Team of Historians from Kraków Restores a Polish Cemetery in Kondoa
24.12.2024
The cemetery in Kondoa was the last Polish burial site in Tanzania requiring comprehensive restoration.
The cemetery in Kondoa serves as the final resting place for Poles deported deep into the USSR after the outbreak of World War II. Thanks to the Sikorski-Mayski Agreement, they managed to leave their places of exile and, in 1942, arrived in refugee settlements in Africa. One of the six such Polish settlements in present-day Tanzania (then British Tanganyika) was Kondoa, home to approximately 430 people between 1942 and 1948.
Despite challenging conditions, including heavy rains, power outages, and baobab flowers that stained the gravestones as they fell, the renovation work was completed in just two weeks. The original gravestones of Siberian exiles, which had been later overlaid with tombstones in the local style, were restored to their original appearance.
The conservation and restoration work at the cemetery was supervised by Prof. Hubert Chudzio of the Institute of History and Archival Studies at University of National Education Commission (UKEN), who also serves as the director of the Centre for the Documentation of Displacement, Expulsion and Resettlement.

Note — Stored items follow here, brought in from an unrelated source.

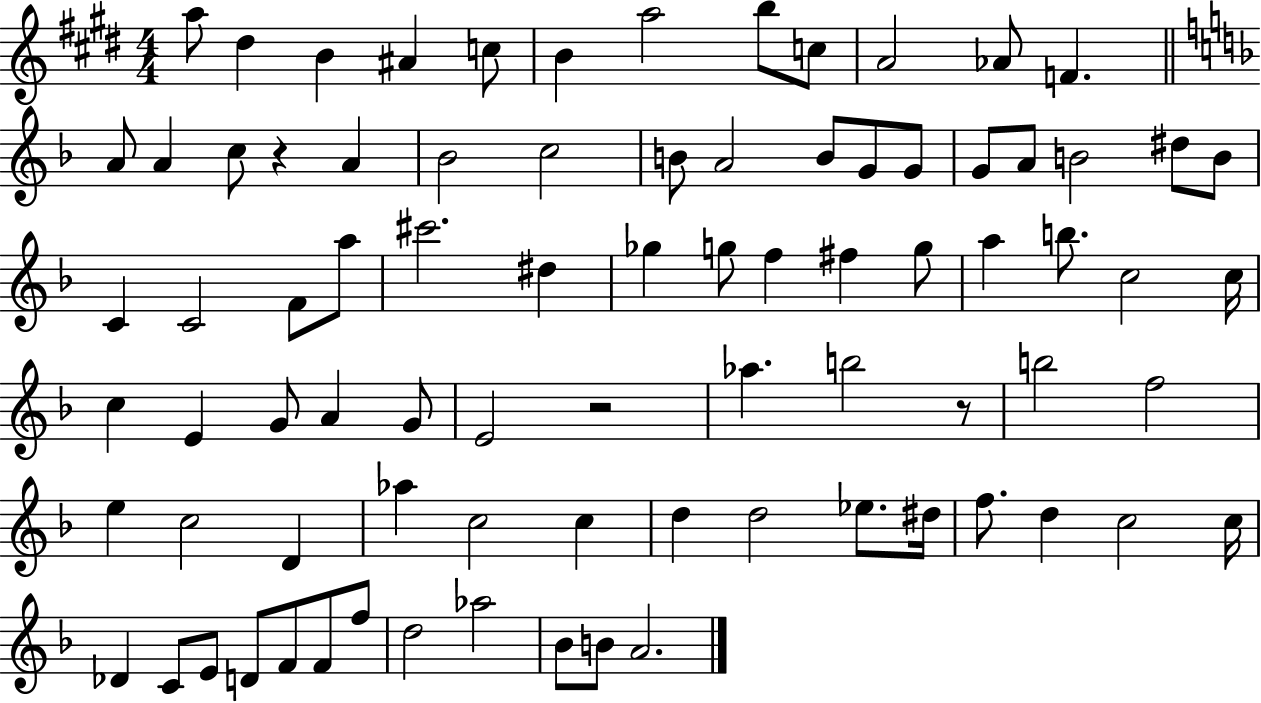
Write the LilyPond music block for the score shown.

{
  \clef treble
  \numericTimeSignature
  \time 4/4
  \key e \major
  a''8 dis''4 b'4 ais'4 c''8 | b'4 a''2 b''8 c''8 | a'2 aes'8 f'4. | \bar "||" \break \key f \major a'8 a'4 c''8 r4 a'4 | bes'2 c''2 | b'8 a'2 b'8 g'8 g'8 | g'8 a'8 b'2 dis''8 b'8 | \break c'4 c'2 f'8 a''8 | cis'''2. dis''4 | ges''4 g''8 f''4 fis''4 g''8 | a''4 b''8. c''2 c''16 | \break c''4 e'4 g'8 a'4 g'8 | e'2 r2 | aes''4. b''2 r8 | b''2 f''2 | \break e''4 c''2 d'4 | aes''4 c''2 c''4 | d''4 d''2 ees''8. dis''16 | f''8. d''4 c''2 c''16 | \break des'4 c'8 e'8 d'8 f'8 f'8 f''8 | d''2 aes''2 | bes'8 b'8 a'2. | \bar "|."
}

The project was carried out in collaboration with Poland's Ministry of Culture and National Heritage, the Embassy of Poland in Dar es Salaam, and the foundation "The Past Does Not Return but It Does Not Die." Funding was provided by the Ministry of Culture and National Heritage through the Culture Promotion Fund.
The Embassy of Poland in Dar es Salaam, with the support of diaspora funds from the Polish Ministry of Foreign Affairs, also financed the printing and installation of new informational boards at the Polish cemetery in Bigwa near Morogoro. These boards were installed by the Kraków historians en route to Kondoa.
During their mission in Tanzania, supported by the Polish Embassy in Dar es Salaam, the historians also visited the Tanzania National Archives in Dar es Salaam, where they conducted research on documents related to Polish settlements in former Tanganyika. They were warmly received at our Embassy, where discussions were held about current and planned activities of the Centre for the Documentation on the African continent.